A 12 % improvement, easily obtained, is never considered marginal -- Donald Knuth

I’ve been writing articles about performance in .NET for several years but I frequently find in the comments the famous quote from the Donald Knuth’s paper “Structured Programming with go to Statements”:

We should forget about small efficiencies, say about 97% of the time: premature optimization is the root of all evil.

If you prioritize aspects that truly impact programming, I strongly suggest watching this keynote by Scott Meyers. As the author of my favorite programming books, the “Effective C++” series, his insights have profoundly transformed my approach to programming.

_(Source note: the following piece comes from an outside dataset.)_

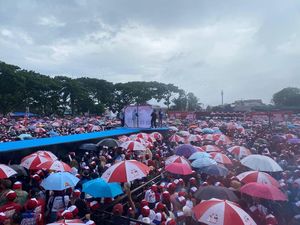 Kampanye Akbar Pilgub Malut Sherly-Sarbin di Ternate Dihadiri 60.000 Pendukung Kampanye Akbar Pilgub Malut Sherly-Sarbin di Ternate Dihadiri 60.000 Pendukung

In the first part of this keynote Scott focus on performance. He starts by enumerating several types of systems where performance is essential: embedded systems, mobile devices, operating systems, libraries, servers, games and virtual reality. Some need performance to be usable. For some, performance means lower costs. There’s also an environmental impact. The more performant the application is, less servers it requires, less electricity, resulting in smaller datacenters. Still, performance is ignored by most and viewed as secondary.

Scott points out that on the same page of the same paper, there’s also this phrase:

In established engineering disciplines a 12 % improvement, easily obtained, is never considered marginal;

If you know that there’s an easy way to get better performance, you should not ignore it.

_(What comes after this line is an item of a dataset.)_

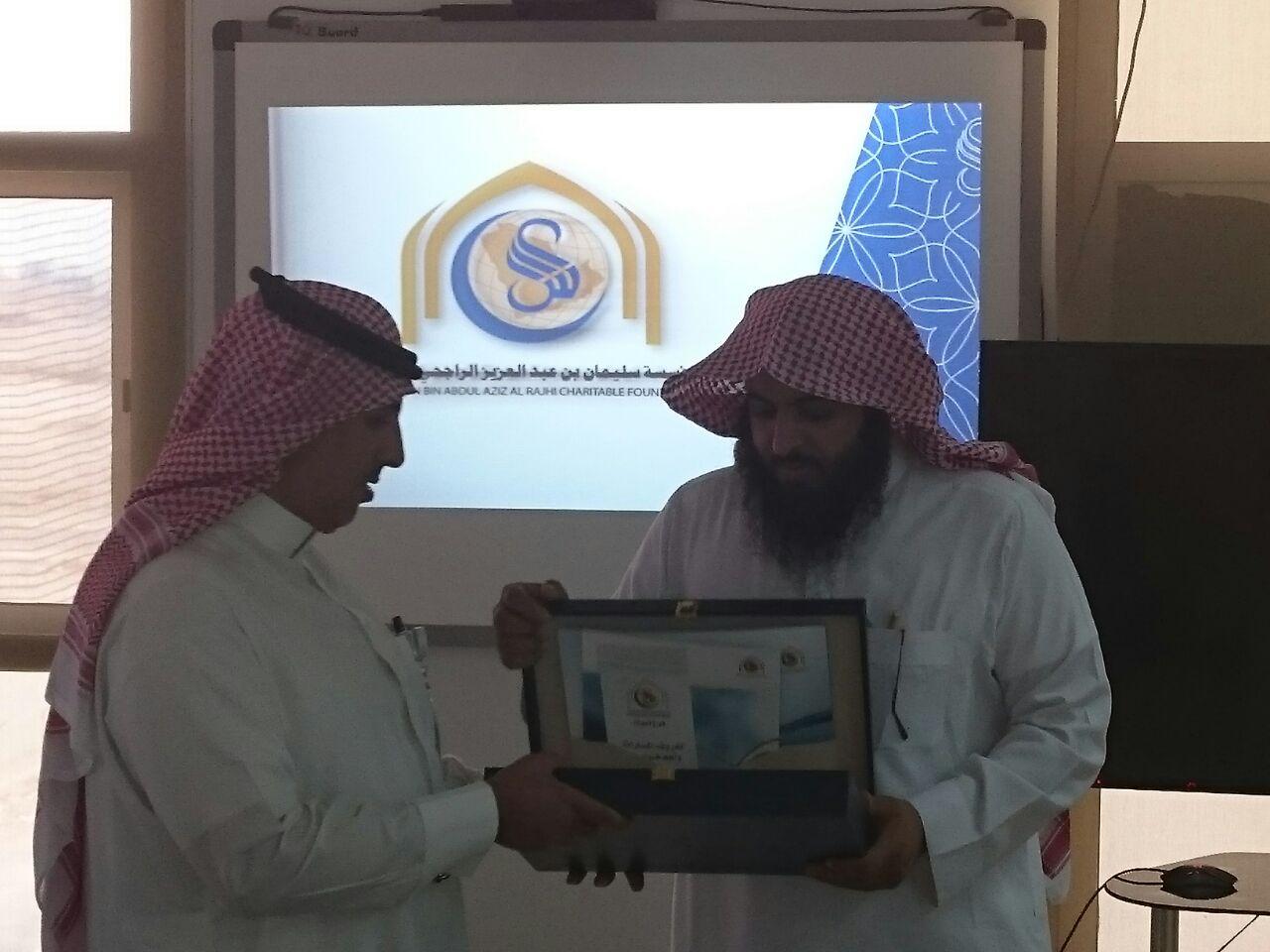 عقد اجتماع بين فرع وزارة العمل والتنمية الإجتماعية وفرع مؤسسة سليمان الراجحي بتبوك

Writing code that performs well usually means applying the same “recipes” over and over again. Most of these are very simple and can be considered “easily obtained”.

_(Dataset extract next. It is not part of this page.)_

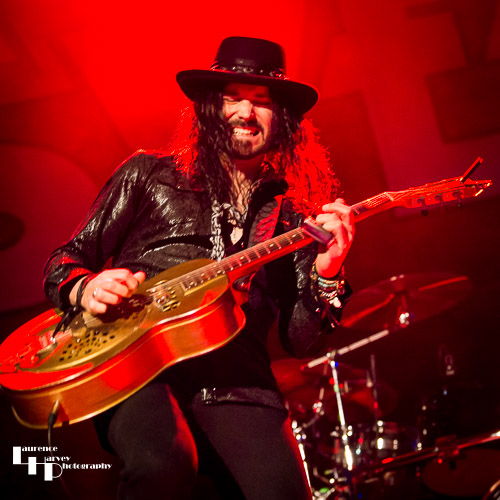 Troy Redfern on guitar & vocals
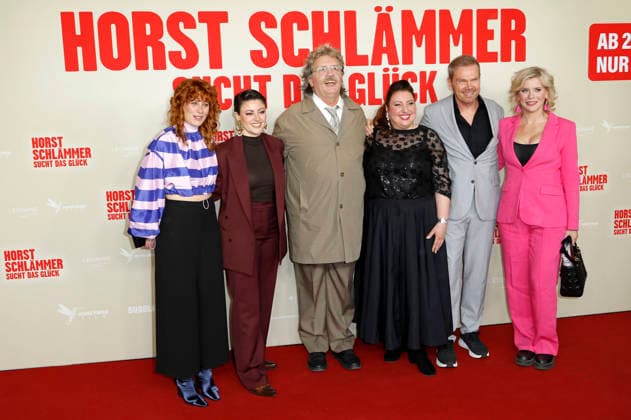 Laura Thomas, Tahnee Schaffarczyk, Hape Kerkeling, Meltem Kaptan, Sven Unterwaldt and Eva Habermann at the premiere of the movie Horst Schlämmer sucht das Glück at Cinemaxx Dammtor Hamburg, 24 03 2026 Foto:xC.xTamckex xFuturexImagex schlaemmer_hh_6358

I once worked on a project that processed the data from a call center. It was developed by someone else that had already left the company and it was taking 2 hours to process the data. At the end of those 2 hours, the data analysts would find that something was wrong or missing. The code had to be fixed and they had to wait two more hours to validate it again. It was unbearable.

The source was nice “clean code” with lots of LINQ queries. I analysed the code, refactored it and quickly reduced the processing time to 20 minutes.

I do love well-structured source code, but performance should never be ignored.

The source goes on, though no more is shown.